[Material to process Boundary: Start]

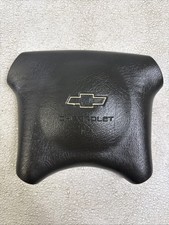 95-00 Chevy Truck 2500 3500 Steering Wheel Horn Button Oem 16753239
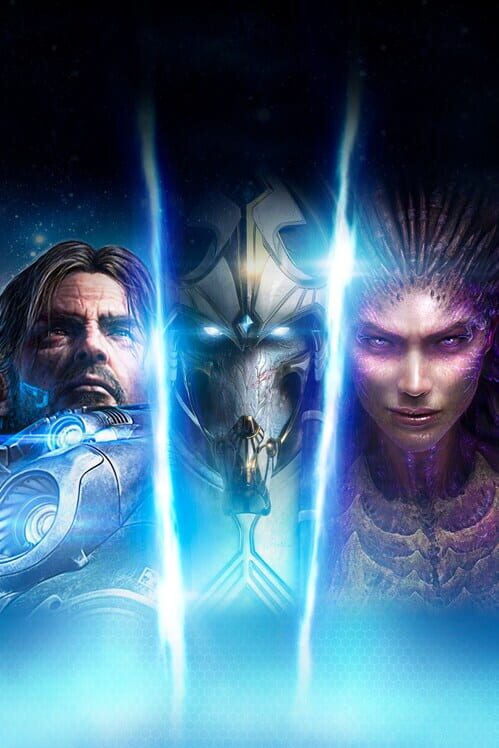 StarCraft II: Campaign Collection cover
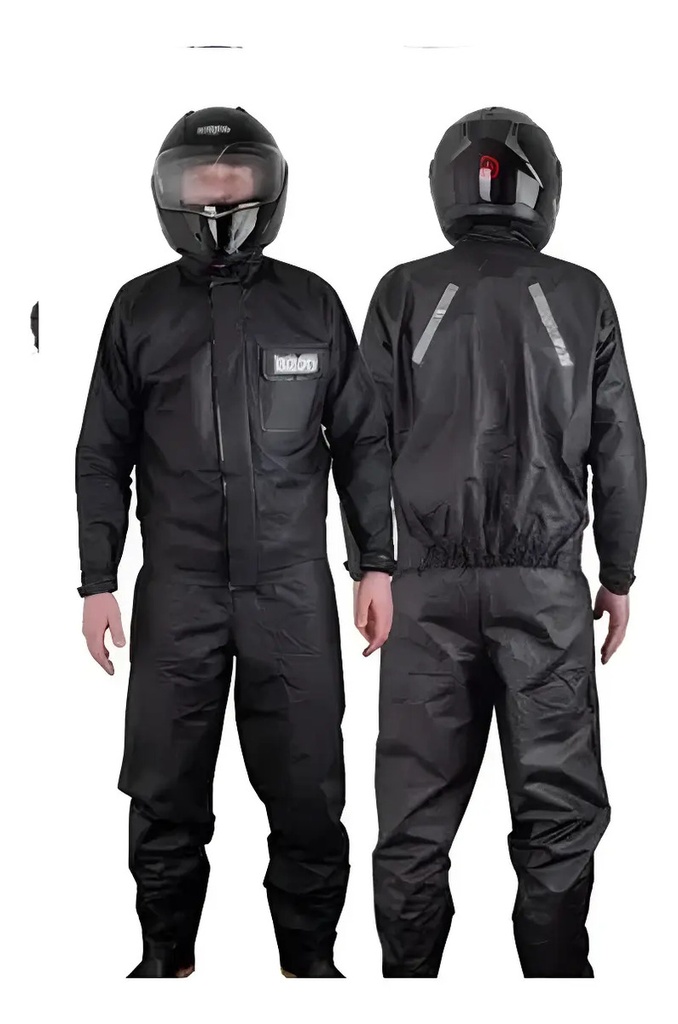 [IND-2634] Traje De Lluvia Moto  Masculino Impermeable  Rpm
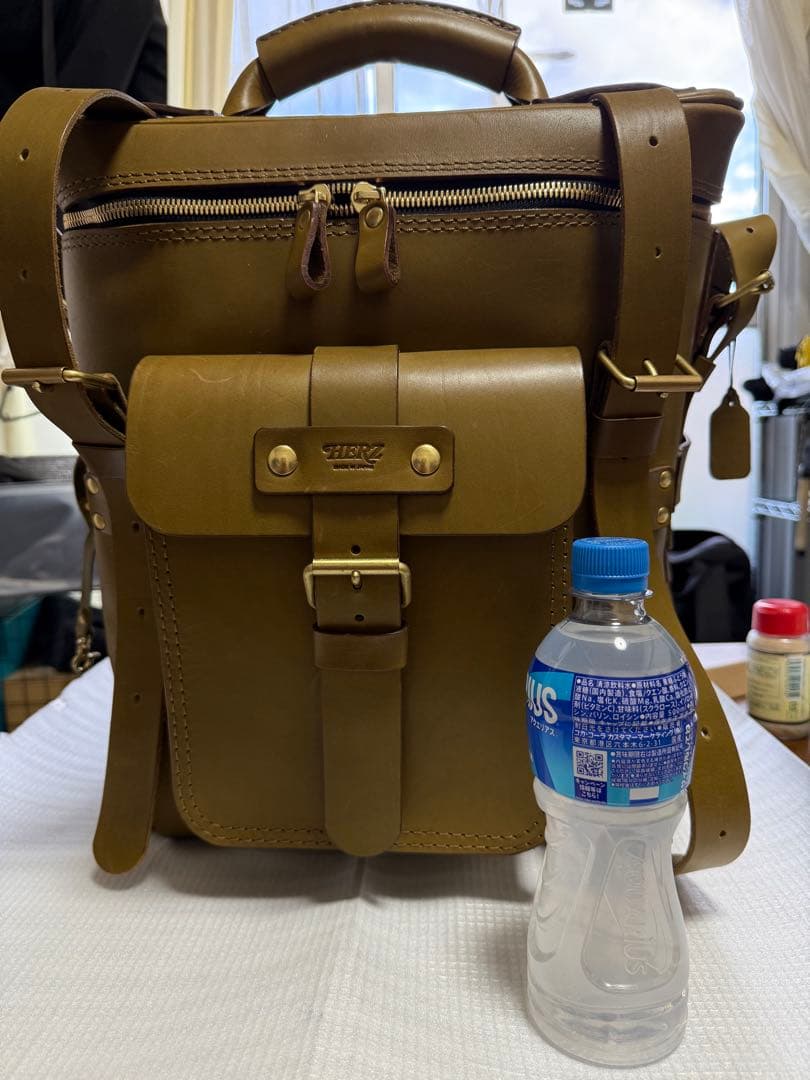 hertz 大型ギャジット3wayリュック(A-21)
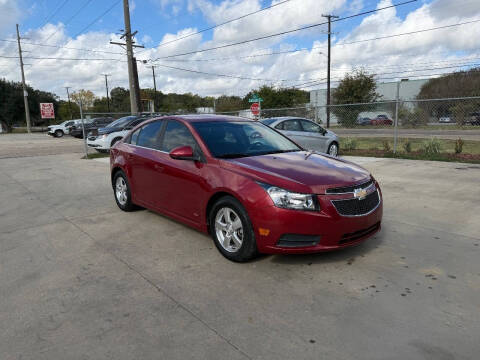 2014 Chevrolet Cruze 1LT Auto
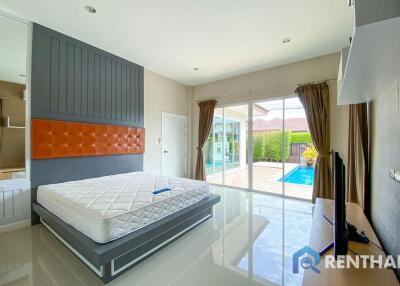 Ready to move in Luxury Pool Villa at Huai Yai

[Material to process Boundary: End]

Problem to work on: With the pictures left out, please output each line from the one containing "[IND-2634] Traje De" through the end of the entries, exactly as it is.

Your solution:
 [IND-2634] Traje De Lluvia Moto  Masculino Impermeable  Rpm
 hertz 大型ギャジット3wayリュック(A-21)
 2014 Chevrolet Cruze 1LT Auto
 Ready to move in Luxury Pool Villa at Huai Yai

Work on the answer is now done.